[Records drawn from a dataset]

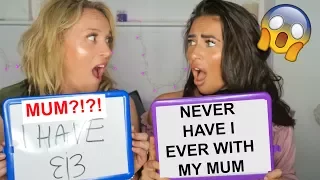 I WATCHED THEM HAVE SEX (NEVER HAVE I EVER EXTREME EDITION WITH MY MUM)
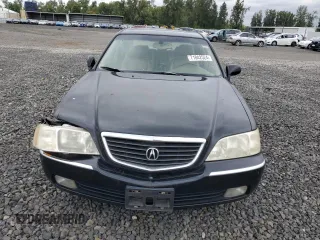 2002 Acura RL with VIN JH4KA96652C001103, listed as a Copart auction lot 71842524 with 280,527 mi miles and Salvage Title. Bid and sale history available at carsss.com. Image 5.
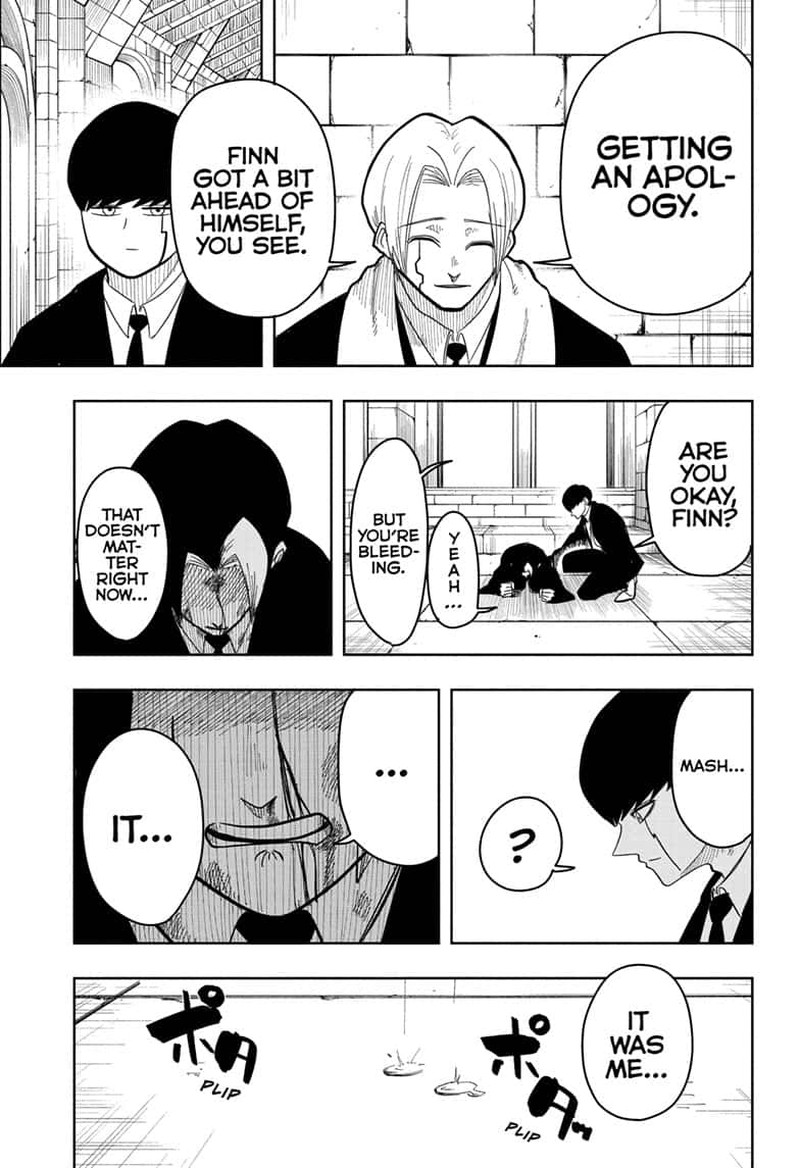 Read Mashle Magic and Muscles Manga Online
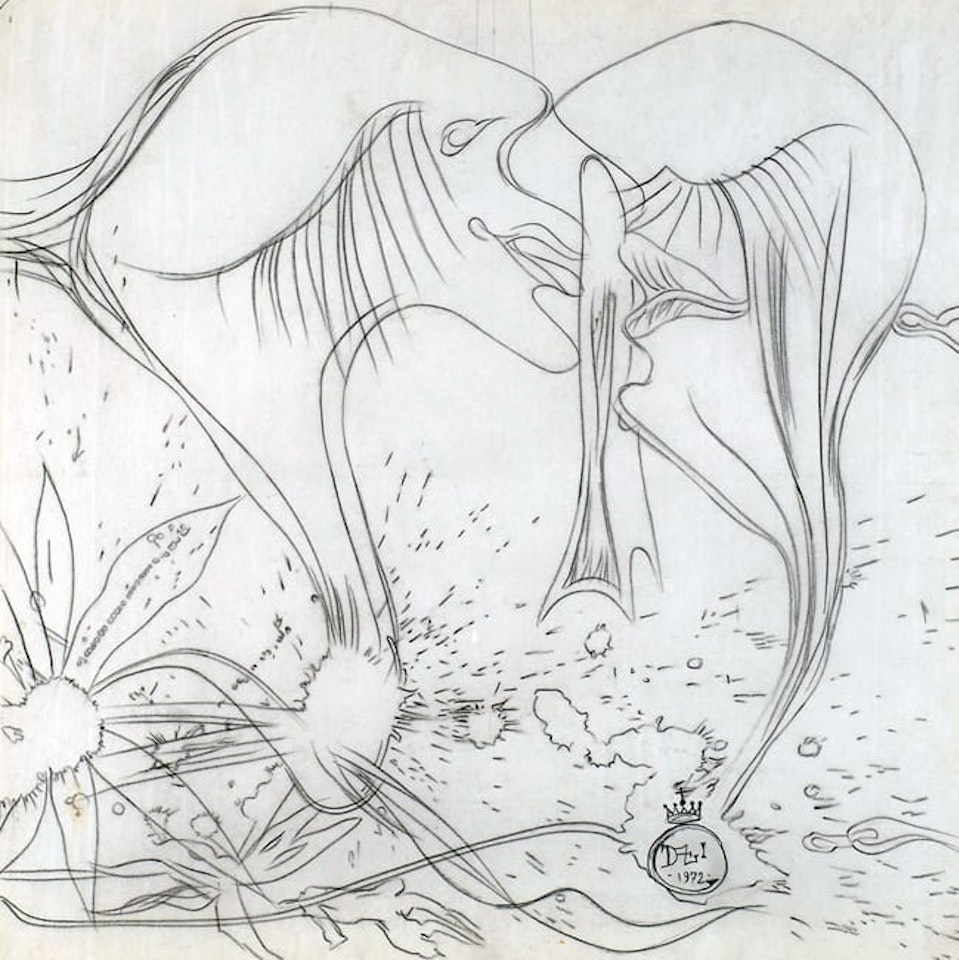 Le Sommeil by Salvador Dali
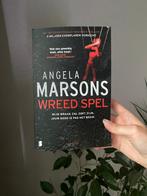 Wreed spel - angela marsons, Nieuw, Ophalen of Verzenden, Nederland, Angela Marsons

** Exercise aim **
Please print every record exactly, leaving out the pictures.

** Exercise result **
 I WATCHED THEM HAVE SEX (NEVER HAVE I EVER EXTREME EDITION WITH MY MUM)
 2002 Acura RL with VIN JH4KA96652C001103, listed as a Copart auction lot 71842524 with 280,527 mi miles and Salvage Title. Bid and sale history available at carsss.com. Image 5.
 Read Mashle Magic and Muscles Manga Online
 Le Sommeil by Salvador Dali
 Wreed spel - angela marsons, Nieuw, Ophalen of Verzenden, Nederland, Angela Marsons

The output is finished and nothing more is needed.